The image above is just a small bit of a painting that I’m working on right now, but I decided to post it on Instagram last night with the caption, “Digging more quiet space in my paintings these days…perhaps a reflection of what’s goin on inside? Probably so.”
It was one of those quick fleeting thoughts, but it kept creeping back into my mind all day today. You see, I’ve been occupying this really rare and beautiful space lately where I actually…get this…HAVE TIME. After two and a half years of insane busyness (for those of you who have been following my world, you KNOW what I’m talking about here), I have carved out some sweet downtime for myself. It definitely did not just *happen.* Nothing has slowed down for me, in fact, opportunities are presenting themselves like never before {insert moment of gratitude right here}, but I have consciously chosen to say no to many things in order to give myself the gift of TIME…sweet sweet unscheduled time. Time in my studio, time to take walks and ride my bike, time to have tea dates with friends, time to do yoga, time to take baths and listen to the rain in my skylights. Time to mediate. Time to play.
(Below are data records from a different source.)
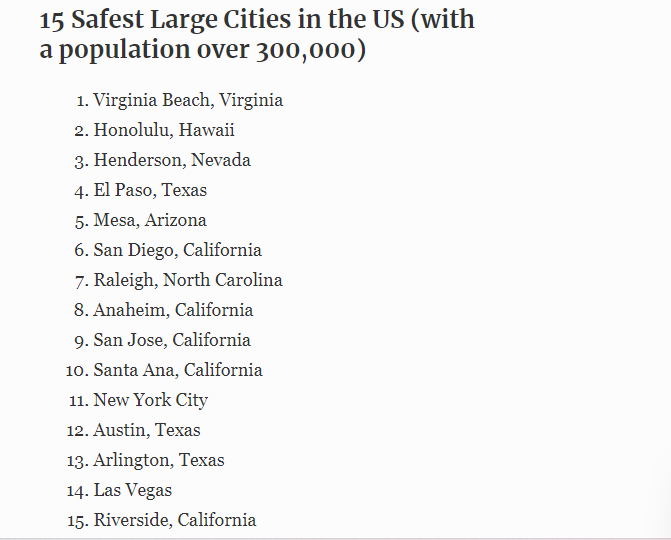 15 ciudades grandes más seguras en los EE.UU. - Foro Nueva York y Noreste de USA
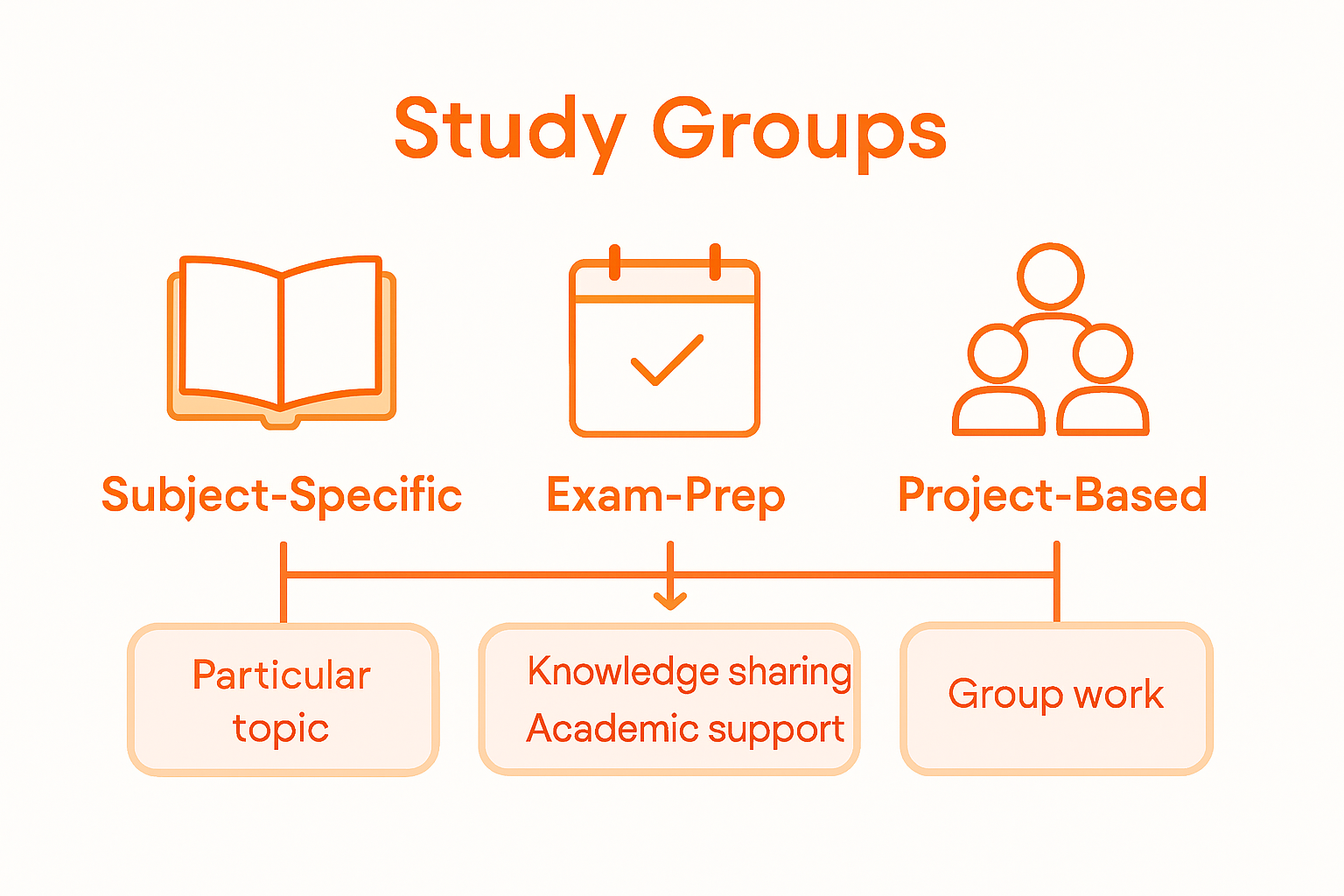 Comparison chart of study group types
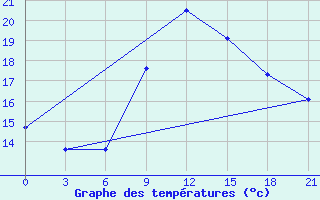 Courbe de tempratures pour Nador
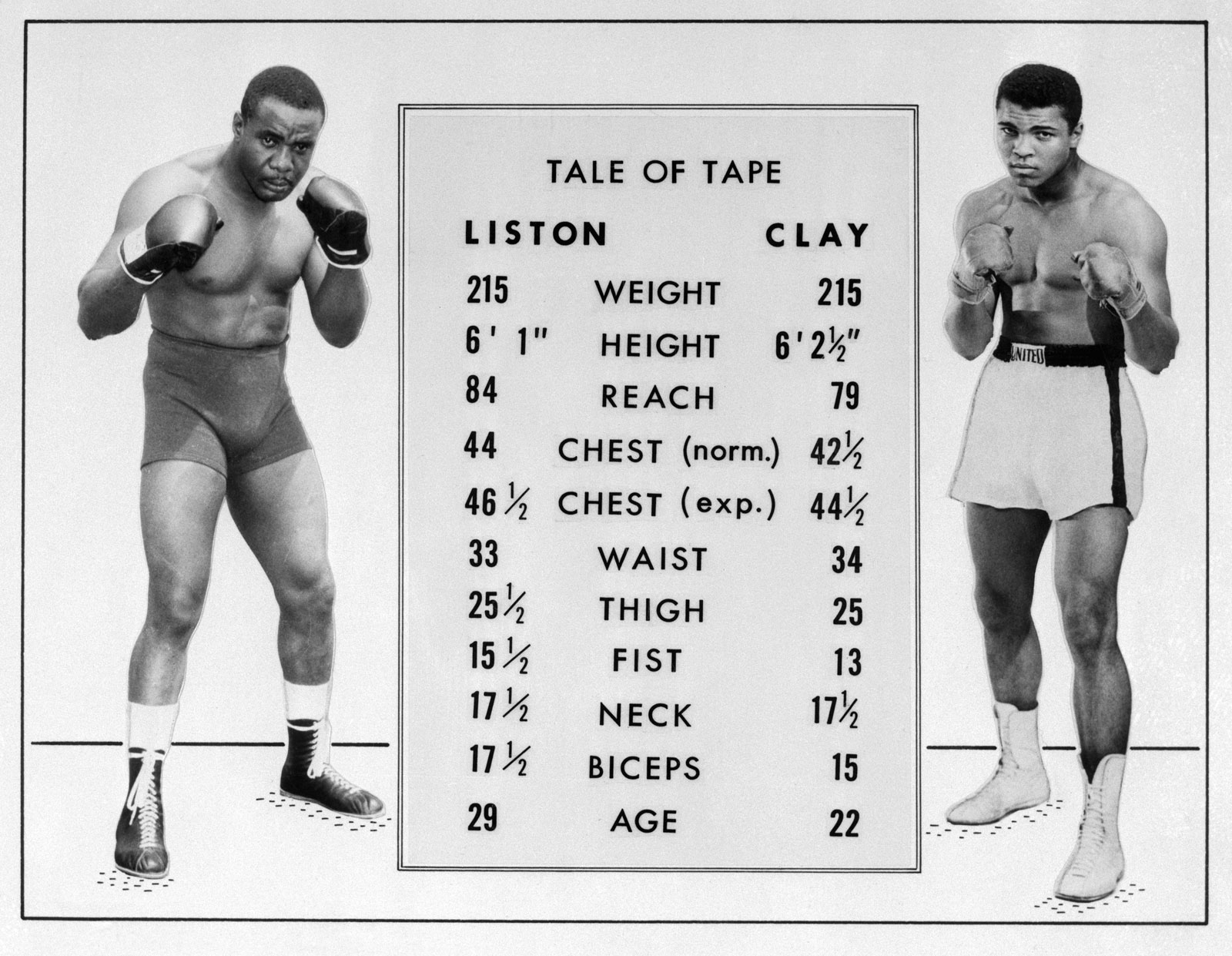 Konted's Make My Day: Muhammad Ali : The Greatest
Just plain ol’ simple time.
With all this luxurious time on my hands, I’m noticing a straight-up shift inside my being. It’s like my nervous system is relaxing. My thoughts are softening and because of all the time to exercise, my body is feeling stronger. I’m spinning out and feeling overwhelmed much less, and the time I am spending with people feels deeper, more present. All in all, life is just really good right now. There, I said it, and didn’t even feel guilty 😉
And…..I’m totally seeing this shift inside myself reflected in my paintings. Generally speaking, they are lighter, more quiet and more…simple. They are flowing out effortlessly and I’m not fussing over them in the way I usually do. Basically, I’m letting them BE EASY.
So, here’s the big AHA moment I had today. I realized that I have this tendency to want to “fill up” my canvases with a lot of information—so many different marks, colors, layers, images, etc…all in order to “make it interesting,” ie: to make it worthy, pretty, enough, complex, amazing, surprising _________ (fill in the superlative blank). EEK!
So what happens when I allow there to be SPACE in my paintings/life? What happens when I allow for easy, simple and breathable? Well, my friends, what seems to be happening is that I’m creating some really lovely, almost meditative paintings, and I’m also experiencing more sweet simple moments in my life. I keep referring to these sweet simple moments as “the space between” moments. They are the moments that happen in-between the big flashy moments of excitement. They are: slowing picking out fruit at the grocery store, taking walks in my neighborhood park, picking fresh daffodils from my front yard, watching flower petals drop, making soup…
As for the paintings, I see that the new ones are different, yes, but they are not lacking in their simplicity. Instead, they simply possess an entirely different quality—much like the inside of my head feels right about now. That said, I’m really not interested in labeling my current state of being or my current state of painting better or worse than how things were before, but I am very willing to note the difference. It’s all just kinda interesting in my opinion. Art reflects life. Life reflects art. The main point I’m getting here is that…
More is not always more.
In fact, I’m pretty sure that right now, for me anyways, less is actually more. I think I could remain quite happy in this slowed down quiet space for quite some time—until the next big flashy moment of excitement is ready to pop, of course.